Em uma crítica contundente às recentes decisões do Judiciário brasileiro sobre liberdade de expressão, o renomado jurista dinamarquês Jacob Mchangama acusou o ministro do Supremo Tribunal Federal (STF), Alexandre de Moraes, de má interpretação e distorção de princípios fundamentais tanto da filosofia liberal quanto da jurisprudência internacional.

Durante uma entrevista ao Portal Claudio Dantas na quinta-feira, Mchangama, fundador da The Future of Free Speech Foundation e professor na Universidade Vanderbilt, usou termos fortes para descrever o que considera um “vandalismo” do pensamento de John Stuart Mill, chegando a classificar a apropriação das ideias do filósofo por Moraes como um ato de “necrofilia” intelectual.

O ponto mais incisivo da análise de Mchangama ocorreu ao discutir a fundamentação usada por Moraes para justificar o banimento da plataforma de mídia social Rumble no Brasil. Segundo o especialista, a invocação do filósofo britânico John Stuart Mill, autor da obra seminal “Sobre a Liberdade”, foi feita de forma a subverter completamente o propósito do autor.

“Senti que [Moraes] estava cometendo um ato de necrofilia, desenterrando o corpo de John Stuart Mill para, então, vandalizar o ponto principal de sua obra”, declarou Mchangama. Ele explicou que, ao contrário do que a decisão do ministro sugere, Mill era um defensor da livre circulação de ideias, mesmo as comprovadamente falsas. “Mill defendia que mesmo informações falsas e ideias erradas não deveriam ser proibidas, pois o choque de opiniões leva a uma perspectiva mais clara”. Mchangama ressalta que o famoso “princípio do dano” de Mill se referia a danos muito específicos e diretos, não ao conceito vago de “desinformação” ou “ideias erradas” que permeia os debates atuais.

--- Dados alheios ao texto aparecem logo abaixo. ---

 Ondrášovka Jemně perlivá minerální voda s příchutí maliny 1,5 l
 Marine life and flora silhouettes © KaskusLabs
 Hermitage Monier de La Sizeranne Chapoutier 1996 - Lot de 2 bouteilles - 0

A crítica de Mchangama, no entanto, não se limitou ao campo da filosofia. Ele apontou uma segunda distorção grave na argumentação de Moraes: a citação de um precedente da Suprema Corte dos Estados Unidos de 1919 para validar sua decisão. O jurista dinamarquês esclareceu que essa decisão, que permitiu ao governo americano punir protestos pacíficos e encarcerar cidadãos, é amplamente considerada um “episódio vergonhoso” na história jurídica americana e foi “derrubada há muito tempo”.

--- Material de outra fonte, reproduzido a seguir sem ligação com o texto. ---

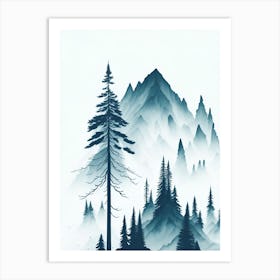 Mountain And Forest In Minimalist Watercolor Vertical Composition 311 Art Print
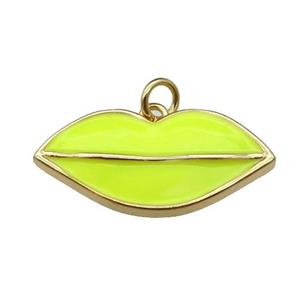 copper Lip pendant, yellow enamel, gold plated, approx 12-25mm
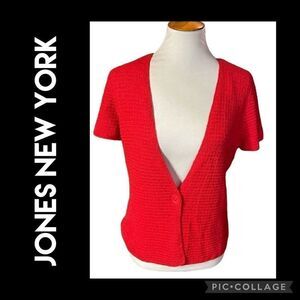 Jones New York Collection Red Short Sleeve One Button Closure Cardigan Size Peti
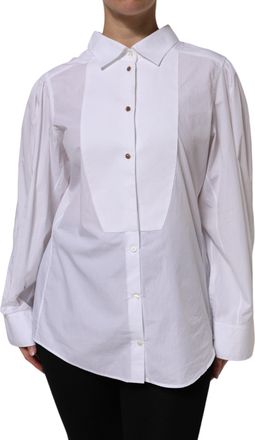 Dolce & Gabbana White Cotton Long Sleeves Formal Top Womens Shirt (Pre-Owned)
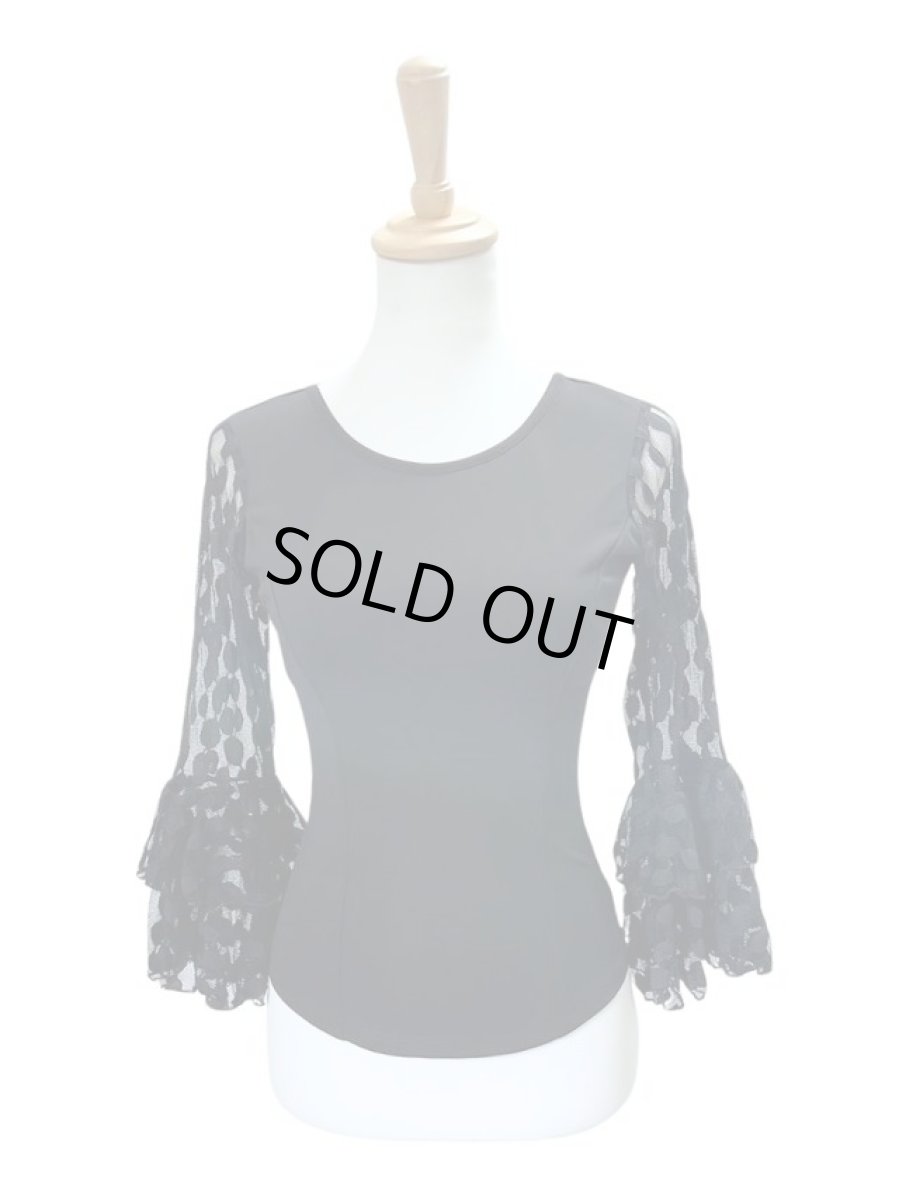 画像1: ニットのかぶりブラウス (1)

Ele contrapôs o antigo precedente com a posição consolidada da Suprema Corte americana hoje, que, segundo ele, “deixou claro que a liberdade de expressão protege informações falsas, exceto em circunstâncias muito específicas” e bem delineadas, que não se aplicariam ao caso em questão.

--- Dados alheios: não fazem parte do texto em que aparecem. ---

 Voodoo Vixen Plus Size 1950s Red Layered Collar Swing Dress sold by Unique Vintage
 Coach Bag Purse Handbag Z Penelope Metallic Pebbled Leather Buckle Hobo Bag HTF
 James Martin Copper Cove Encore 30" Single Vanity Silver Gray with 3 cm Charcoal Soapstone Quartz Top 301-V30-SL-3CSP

Mchangama expressou profunda preocupação com o que essas distorções representam. Para ele, o fato de um juiz de uma corte suprema “interpretar mal” figuras como Mill e citar como referência um precedente revertido e desacreditado é alarmante. A situação levanta uma questão sobre a motivação por trás da decisão. “Fico na esperança de que seja ignorância, e não uma manipulação consciente”, afirmou, sugerindo que, ironicamente, a própria decisão judicial poderia ser vista como um “exercício de fake news”.

A análise do especialista internacional joga luz sobre a tensão vivida no Brasil e em outras democracias: o esforço para combater campanhas de desinformação e ataques às instituições, e o risco de, nesse processo, erodir os próprios alicerces da liberdade de expressão que sustentam o sistema democrático. A intervenção de Mchangama serve como um lembrete de que as ferramentas usadas para defender a democracia devem, elas mesmas, ser democraticamente sólidas e intelectualmente honestas.

Mchangama esteve no Brasil para lançar a versão em português de seu livro sobre a história global da liberdade de expressão. A obra foi lançada pelo Instituto Sivis, com tiragem de 500 exemplares para distribuição gratuita.